Inonu University researchers apply four machine learning algorithms—Random Forest, SVM, XGBoost and KNN—to complete blood count parameters to predict polycythaemia vera. After balancing the dataset with SMOTE and training on hemoglobin, hematocrit, white cell and platelet values, the XGBoost model attains an area under the curve of 0.99 and 94% accuracy, demonstrating AI’s potential to reduce reliance on expensive diagnostics like JAK2 mutation assays and bone marrow biopsy.

Key points

  • XGBoost model classifies PV with 0.99 AUC and 94% accuracy based on CBC features.
  • SMOTE oversampling addresses 82:1402 class imbalance before 80:20 train-test split.
  • PLT contributed 42.4% to model predictions, highlighting platelet count’s diagnostic value.

Why it matters: This study shows that machine learning on routine CBC can screen polycythaemia vera accurately, cutting diagnostic costs and invasiveness.

Q&A

  • What is the Synthetic Minority Oversampling Technique (SMOTE)?
  • How does XGBoost differ from other machine learning models?
  • Why use complete blood count (CBC) parameters for disease prediction?
  • What are the standard diagnostic tests for polycythaemia vera?
Copy link
Facebook X LinkedIn WhatsApp
Share post via...


Read full article

Machine Learning in Biomedical Research

Machine learning (ML) applies algorithms and statistical models to extract patterns from data and make predictions without explicit programming. In biomedical research, ML enables researchers to analyze complex datasets—such as genomic sequences, imaging scans, and laboratory test results—to identify disease markers, predict outcomes, and personalize treatments. Common ML tasks include classification (e.g., disease vs. healthy), regression (e.g., predicting biomarker levels), and clustering (e.g., grouping similar patient profiles).

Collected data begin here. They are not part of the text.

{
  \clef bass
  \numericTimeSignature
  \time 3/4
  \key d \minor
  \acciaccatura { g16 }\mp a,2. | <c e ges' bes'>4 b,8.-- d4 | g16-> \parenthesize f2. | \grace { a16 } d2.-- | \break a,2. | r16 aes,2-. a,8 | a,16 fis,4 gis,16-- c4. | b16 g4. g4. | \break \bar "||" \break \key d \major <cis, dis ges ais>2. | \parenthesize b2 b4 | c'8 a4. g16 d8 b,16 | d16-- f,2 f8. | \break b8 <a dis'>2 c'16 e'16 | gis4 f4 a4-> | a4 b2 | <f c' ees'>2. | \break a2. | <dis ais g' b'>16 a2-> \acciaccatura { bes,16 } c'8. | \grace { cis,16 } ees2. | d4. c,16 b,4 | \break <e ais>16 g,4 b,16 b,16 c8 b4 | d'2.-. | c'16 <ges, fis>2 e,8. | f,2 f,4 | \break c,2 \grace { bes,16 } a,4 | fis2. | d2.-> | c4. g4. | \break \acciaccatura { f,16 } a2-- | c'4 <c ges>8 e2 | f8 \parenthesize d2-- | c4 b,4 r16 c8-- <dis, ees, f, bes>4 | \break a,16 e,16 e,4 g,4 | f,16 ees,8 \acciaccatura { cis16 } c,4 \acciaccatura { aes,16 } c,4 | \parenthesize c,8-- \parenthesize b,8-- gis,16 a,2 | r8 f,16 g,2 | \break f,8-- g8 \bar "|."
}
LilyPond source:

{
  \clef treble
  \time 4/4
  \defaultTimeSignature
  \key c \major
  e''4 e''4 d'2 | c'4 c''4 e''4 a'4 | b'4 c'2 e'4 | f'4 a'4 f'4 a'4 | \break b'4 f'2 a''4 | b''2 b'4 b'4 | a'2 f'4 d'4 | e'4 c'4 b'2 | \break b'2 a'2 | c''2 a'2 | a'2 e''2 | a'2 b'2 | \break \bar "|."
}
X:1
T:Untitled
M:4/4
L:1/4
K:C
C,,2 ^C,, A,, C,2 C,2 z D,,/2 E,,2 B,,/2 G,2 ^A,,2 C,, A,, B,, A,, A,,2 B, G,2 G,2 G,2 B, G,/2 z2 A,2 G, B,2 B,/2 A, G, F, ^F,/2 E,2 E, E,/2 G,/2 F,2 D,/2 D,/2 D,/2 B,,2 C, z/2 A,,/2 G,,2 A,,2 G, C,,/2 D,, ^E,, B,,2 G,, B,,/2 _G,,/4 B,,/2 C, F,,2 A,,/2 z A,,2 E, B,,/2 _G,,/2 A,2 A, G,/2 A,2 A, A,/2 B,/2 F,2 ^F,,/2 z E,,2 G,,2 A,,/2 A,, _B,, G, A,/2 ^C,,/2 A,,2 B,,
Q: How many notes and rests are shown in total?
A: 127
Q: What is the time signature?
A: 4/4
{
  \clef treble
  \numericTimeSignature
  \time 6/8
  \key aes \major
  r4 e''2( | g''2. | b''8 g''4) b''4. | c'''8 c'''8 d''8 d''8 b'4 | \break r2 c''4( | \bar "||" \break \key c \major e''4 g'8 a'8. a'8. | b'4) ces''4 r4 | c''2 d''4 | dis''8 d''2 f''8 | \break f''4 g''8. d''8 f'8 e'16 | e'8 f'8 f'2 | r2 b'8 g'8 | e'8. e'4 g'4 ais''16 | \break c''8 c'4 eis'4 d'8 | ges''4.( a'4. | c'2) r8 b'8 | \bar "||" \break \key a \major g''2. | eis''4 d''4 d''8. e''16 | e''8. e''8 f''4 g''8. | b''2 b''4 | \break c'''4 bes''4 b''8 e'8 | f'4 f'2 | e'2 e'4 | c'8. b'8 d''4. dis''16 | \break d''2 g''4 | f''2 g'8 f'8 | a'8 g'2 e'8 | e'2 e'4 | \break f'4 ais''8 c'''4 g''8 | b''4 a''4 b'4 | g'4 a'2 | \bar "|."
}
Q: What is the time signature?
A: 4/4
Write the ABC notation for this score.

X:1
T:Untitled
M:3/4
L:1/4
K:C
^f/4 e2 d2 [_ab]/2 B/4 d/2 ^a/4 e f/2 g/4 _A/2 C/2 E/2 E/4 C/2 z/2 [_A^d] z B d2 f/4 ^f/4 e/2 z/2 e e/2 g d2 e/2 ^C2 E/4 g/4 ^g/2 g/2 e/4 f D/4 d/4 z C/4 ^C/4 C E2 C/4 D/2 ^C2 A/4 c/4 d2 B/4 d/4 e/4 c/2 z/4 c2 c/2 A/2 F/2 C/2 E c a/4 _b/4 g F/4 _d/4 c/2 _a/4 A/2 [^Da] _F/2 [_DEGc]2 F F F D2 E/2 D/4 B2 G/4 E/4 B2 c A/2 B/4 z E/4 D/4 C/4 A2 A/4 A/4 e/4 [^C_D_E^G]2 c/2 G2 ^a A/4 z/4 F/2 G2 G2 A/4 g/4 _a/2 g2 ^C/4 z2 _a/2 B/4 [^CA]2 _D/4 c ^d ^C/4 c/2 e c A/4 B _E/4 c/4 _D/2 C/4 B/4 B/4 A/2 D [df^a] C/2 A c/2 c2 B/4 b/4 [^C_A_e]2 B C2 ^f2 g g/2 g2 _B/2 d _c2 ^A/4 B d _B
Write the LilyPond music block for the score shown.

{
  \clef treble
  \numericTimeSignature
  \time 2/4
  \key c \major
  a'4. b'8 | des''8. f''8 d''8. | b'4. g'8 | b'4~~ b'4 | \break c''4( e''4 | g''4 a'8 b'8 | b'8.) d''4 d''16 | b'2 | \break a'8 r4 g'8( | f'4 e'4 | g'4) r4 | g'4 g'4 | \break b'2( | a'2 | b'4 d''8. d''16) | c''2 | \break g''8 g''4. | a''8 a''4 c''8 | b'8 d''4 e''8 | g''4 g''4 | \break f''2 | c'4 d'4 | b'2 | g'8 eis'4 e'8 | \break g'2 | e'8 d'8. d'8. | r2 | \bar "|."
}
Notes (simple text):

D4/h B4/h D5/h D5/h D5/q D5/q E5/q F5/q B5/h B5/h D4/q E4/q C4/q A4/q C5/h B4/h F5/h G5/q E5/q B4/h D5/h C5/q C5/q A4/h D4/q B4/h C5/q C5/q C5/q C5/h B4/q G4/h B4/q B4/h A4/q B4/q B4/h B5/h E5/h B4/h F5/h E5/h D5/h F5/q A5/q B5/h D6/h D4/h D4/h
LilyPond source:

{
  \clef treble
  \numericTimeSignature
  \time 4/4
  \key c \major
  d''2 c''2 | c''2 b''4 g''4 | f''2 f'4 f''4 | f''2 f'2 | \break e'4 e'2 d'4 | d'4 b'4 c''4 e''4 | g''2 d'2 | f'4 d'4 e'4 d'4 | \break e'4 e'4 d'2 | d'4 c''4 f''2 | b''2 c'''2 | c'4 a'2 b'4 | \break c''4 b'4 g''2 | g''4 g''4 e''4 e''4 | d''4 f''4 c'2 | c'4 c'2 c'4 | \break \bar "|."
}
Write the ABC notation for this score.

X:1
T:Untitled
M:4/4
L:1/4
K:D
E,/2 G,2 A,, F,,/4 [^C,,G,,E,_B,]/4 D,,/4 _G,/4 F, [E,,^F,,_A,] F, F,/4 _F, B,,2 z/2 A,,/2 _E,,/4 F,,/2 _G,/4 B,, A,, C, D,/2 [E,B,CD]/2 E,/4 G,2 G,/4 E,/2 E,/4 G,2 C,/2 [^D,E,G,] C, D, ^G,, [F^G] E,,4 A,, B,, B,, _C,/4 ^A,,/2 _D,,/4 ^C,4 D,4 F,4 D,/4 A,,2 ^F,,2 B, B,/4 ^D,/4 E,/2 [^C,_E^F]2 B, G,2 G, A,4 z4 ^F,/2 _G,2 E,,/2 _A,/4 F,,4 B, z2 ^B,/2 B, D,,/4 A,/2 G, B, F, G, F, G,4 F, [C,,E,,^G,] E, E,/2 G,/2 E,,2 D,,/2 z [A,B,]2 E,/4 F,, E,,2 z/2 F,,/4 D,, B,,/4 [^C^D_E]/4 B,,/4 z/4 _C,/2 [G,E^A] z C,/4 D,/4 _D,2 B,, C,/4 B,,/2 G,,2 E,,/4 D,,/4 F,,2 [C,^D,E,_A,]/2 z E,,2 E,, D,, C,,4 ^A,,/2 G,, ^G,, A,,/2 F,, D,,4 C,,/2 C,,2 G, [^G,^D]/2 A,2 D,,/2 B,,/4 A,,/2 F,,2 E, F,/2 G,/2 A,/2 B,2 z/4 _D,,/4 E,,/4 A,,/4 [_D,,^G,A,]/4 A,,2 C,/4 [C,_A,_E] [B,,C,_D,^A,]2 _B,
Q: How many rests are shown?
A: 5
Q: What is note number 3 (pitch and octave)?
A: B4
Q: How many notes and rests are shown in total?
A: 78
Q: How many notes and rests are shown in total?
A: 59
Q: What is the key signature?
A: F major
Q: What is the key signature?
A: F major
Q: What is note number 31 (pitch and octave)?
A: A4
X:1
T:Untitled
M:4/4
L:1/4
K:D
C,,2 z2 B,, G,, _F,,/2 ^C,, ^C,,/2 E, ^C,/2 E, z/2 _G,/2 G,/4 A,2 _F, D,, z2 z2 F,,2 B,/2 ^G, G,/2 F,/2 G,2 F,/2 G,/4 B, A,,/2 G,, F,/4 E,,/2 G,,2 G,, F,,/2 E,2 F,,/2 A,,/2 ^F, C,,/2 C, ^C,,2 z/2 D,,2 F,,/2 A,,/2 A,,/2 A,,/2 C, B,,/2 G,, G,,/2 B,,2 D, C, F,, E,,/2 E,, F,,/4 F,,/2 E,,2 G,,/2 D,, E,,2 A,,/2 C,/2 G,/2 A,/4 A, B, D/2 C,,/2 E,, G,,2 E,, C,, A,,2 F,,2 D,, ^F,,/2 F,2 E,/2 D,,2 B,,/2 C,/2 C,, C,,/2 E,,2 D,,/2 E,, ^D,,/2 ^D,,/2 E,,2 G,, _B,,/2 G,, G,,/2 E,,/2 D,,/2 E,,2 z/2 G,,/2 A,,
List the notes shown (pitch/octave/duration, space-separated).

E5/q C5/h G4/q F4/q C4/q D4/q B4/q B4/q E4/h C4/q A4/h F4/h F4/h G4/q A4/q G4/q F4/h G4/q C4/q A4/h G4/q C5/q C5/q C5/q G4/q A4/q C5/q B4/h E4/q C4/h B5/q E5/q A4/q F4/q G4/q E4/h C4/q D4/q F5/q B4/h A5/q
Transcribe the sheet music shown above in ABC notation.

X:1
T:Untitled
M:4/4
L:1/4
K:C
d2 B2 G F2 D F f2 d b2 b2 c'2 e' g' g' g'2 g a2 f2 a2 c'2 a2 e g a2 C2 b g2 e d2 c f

ML methods can be broadly categorized into supervised learning, where models learn from labeled examples, and unsupervised learning, where models identify hidden structures in unlabeled data. Supervised models require careful splitting of data into training, validation, and test sets to avoid overfitting, whereas unsupervised methods like principal component analysis or clustering help uncover novel biological relationships. Interpretability tools such as SHAP (Shapley Additive explanations) provide insights into feature contributions, making ML outputs more transparent to clinicians and researchers.

Complete Blood Count (CBC) Parameters

A complete blood count (CBC) is one of the most common and inexpensive diagnostic tests in healthcare. It measures key blood components:

  • Hemoglobin (HGB): the oxygen-carrying protein in red blood cells.
  • Hematocrit (HCT): the proportion of blood volume occupied by red cells.
  • White Blood Cell Count (WBC): immune cells that fight infections.
  • Platelet Count (PLT): small cells that help blood clot.

Normal CBC ranges vary by age and sex, and they can shift with aging due to changes in bone marrow activity, immune system modulation, and overall physiological resilience. In longevity research, tracking CBC parameters over time helps monitor systemic inflammation, anemia prevalence, and clotting propensity—key factors linked to healthy aging and disease risk.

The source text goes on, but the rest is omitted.